### TASK DIRECTIONS:
Records follow. Print exactly the lines from the one that has "(TVA inclus) 1" through the one that has "suite-lit-king-hotel-laval", inclusive, and omit the pictures.

### INFORMATION GIVEN:
::::
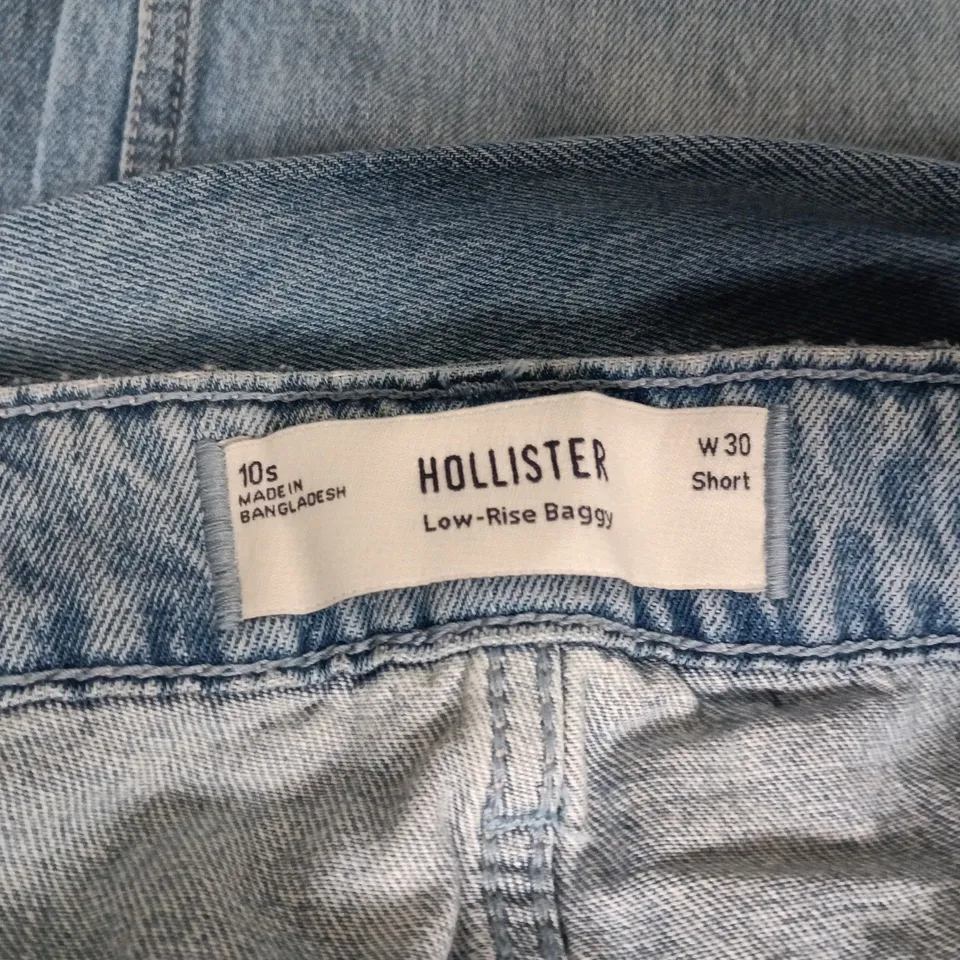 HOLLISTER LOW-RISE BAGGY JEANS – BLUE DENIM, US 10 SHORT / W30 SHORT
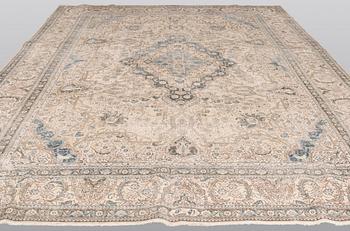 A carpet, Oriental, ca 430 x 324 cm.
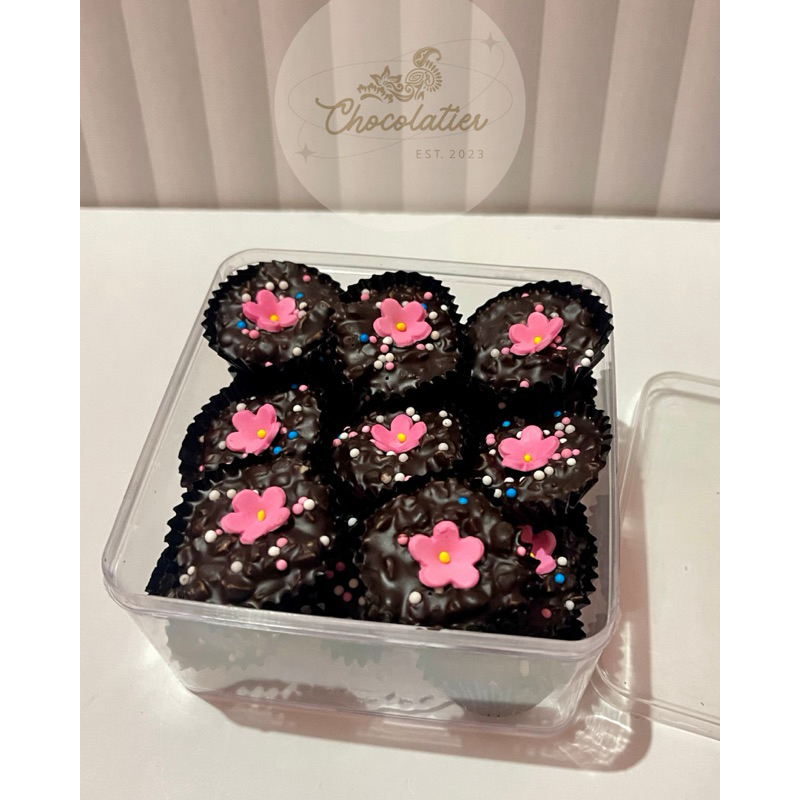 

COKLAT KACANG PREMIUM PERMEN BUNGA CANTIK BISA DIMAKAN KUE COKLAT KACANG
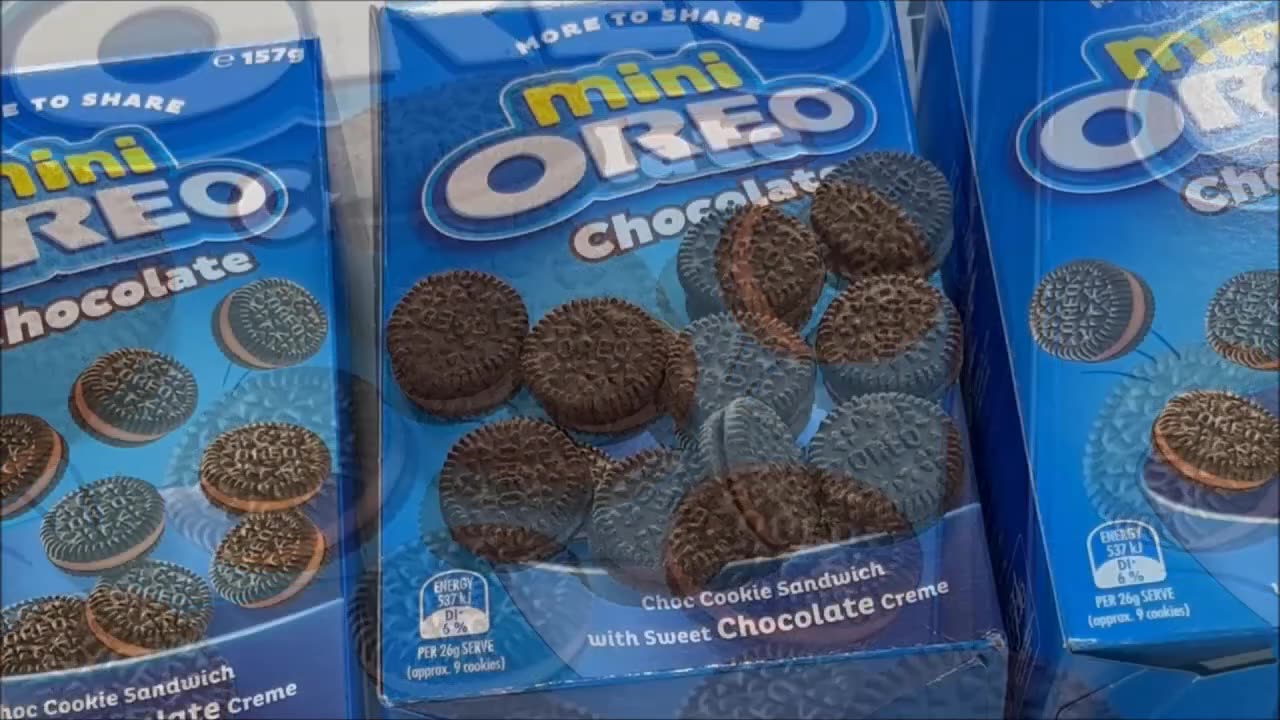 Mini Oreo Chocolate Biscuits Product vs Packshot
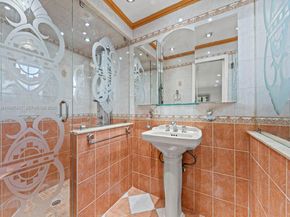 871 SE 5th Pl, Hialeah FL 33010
::::
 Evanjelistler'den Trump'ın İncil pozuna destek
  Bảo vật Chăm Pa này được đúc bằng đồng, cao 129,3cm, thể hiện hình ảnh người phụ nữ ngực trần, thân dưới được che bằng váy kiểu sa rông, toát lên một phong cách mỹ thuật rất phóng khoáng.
::::
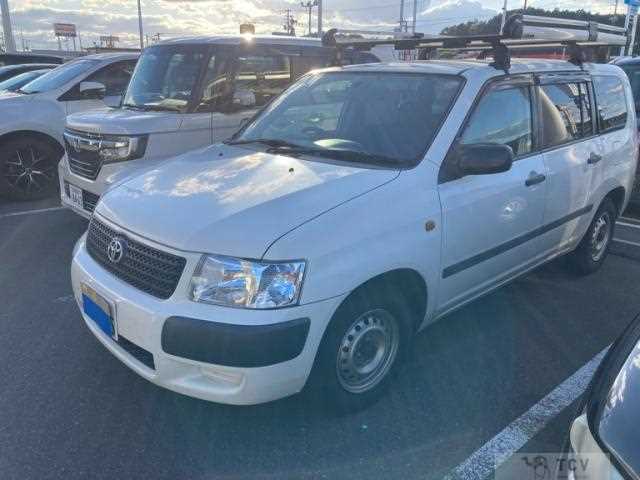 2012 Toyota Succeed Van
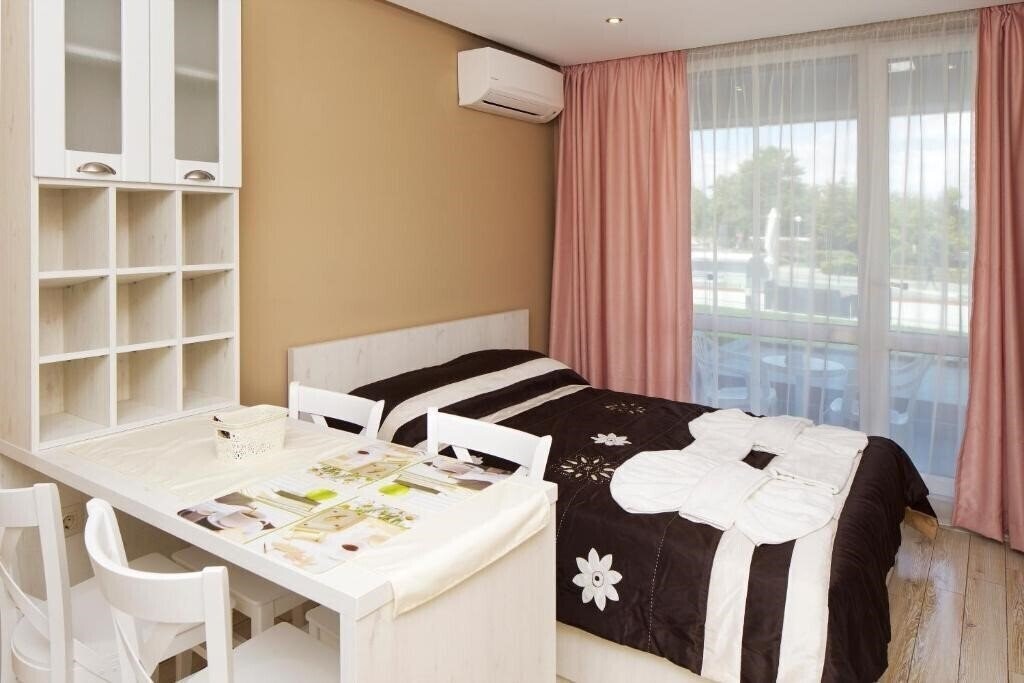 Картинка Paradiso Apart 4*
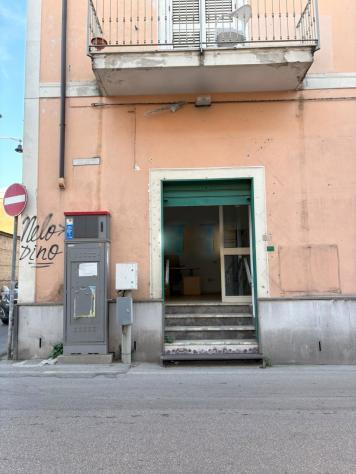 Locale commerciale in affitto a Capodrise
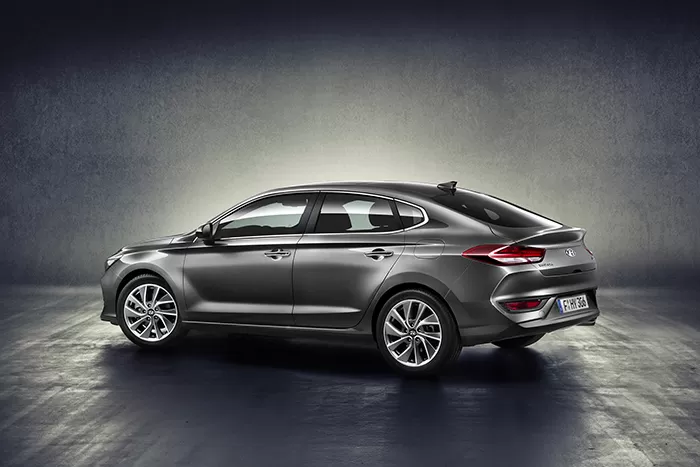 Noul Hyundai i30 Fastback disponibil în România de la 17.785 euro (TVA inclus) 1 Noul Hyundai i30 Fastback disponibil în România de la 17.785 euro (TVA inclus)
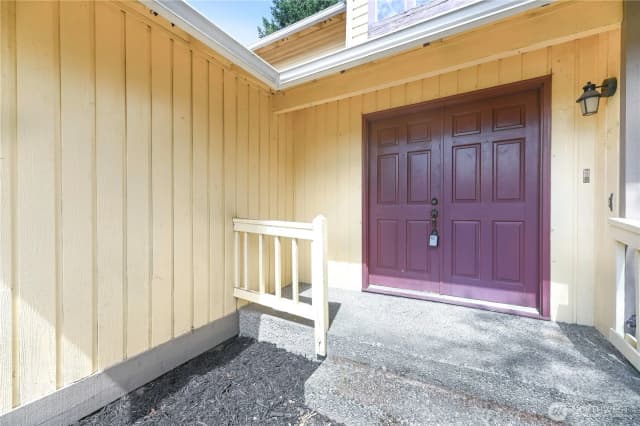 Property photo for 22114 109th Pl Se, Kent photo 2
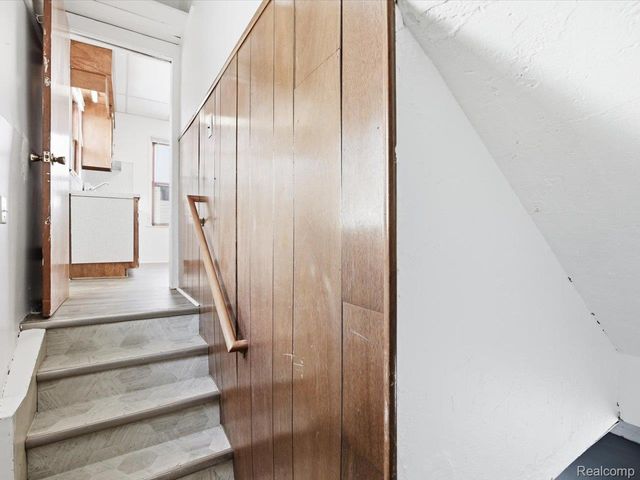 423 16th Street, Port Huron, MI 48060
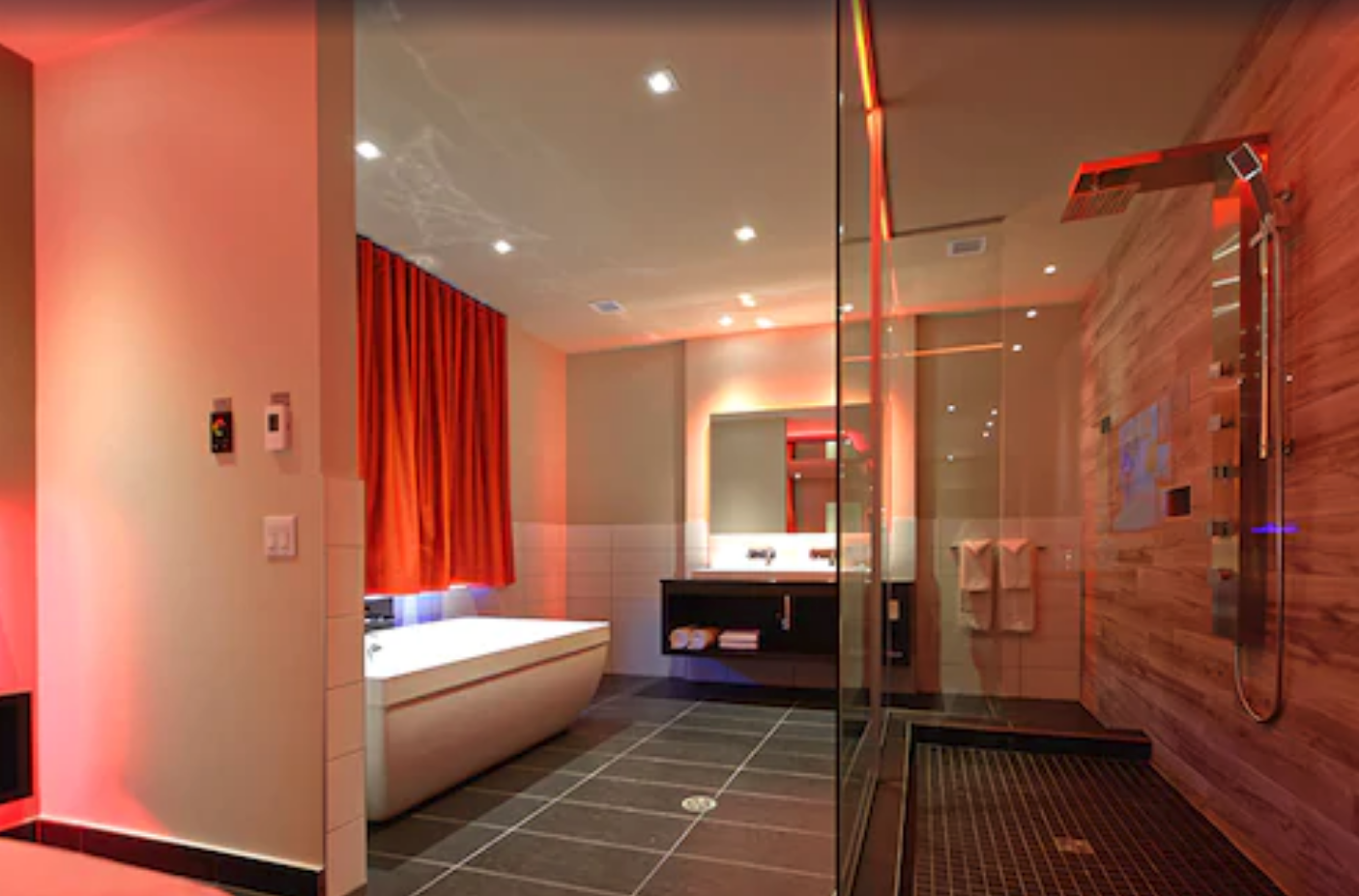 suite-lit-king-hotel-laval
::::
### EXPECTED OUTPUT:
 Noul Hyundai i30 Fastback disponibil în România de la 17.785 euro (TVA inclus) 1 Noul Hyundai i30 Fastback disponibil în România de la 17.785 euro (TVA inclus)
 Property photo for 22114 109th Pl Se, Kent photo 2
 423 16th Street, Port Huron, MI 48060
 suite-lit-king-hotel-laval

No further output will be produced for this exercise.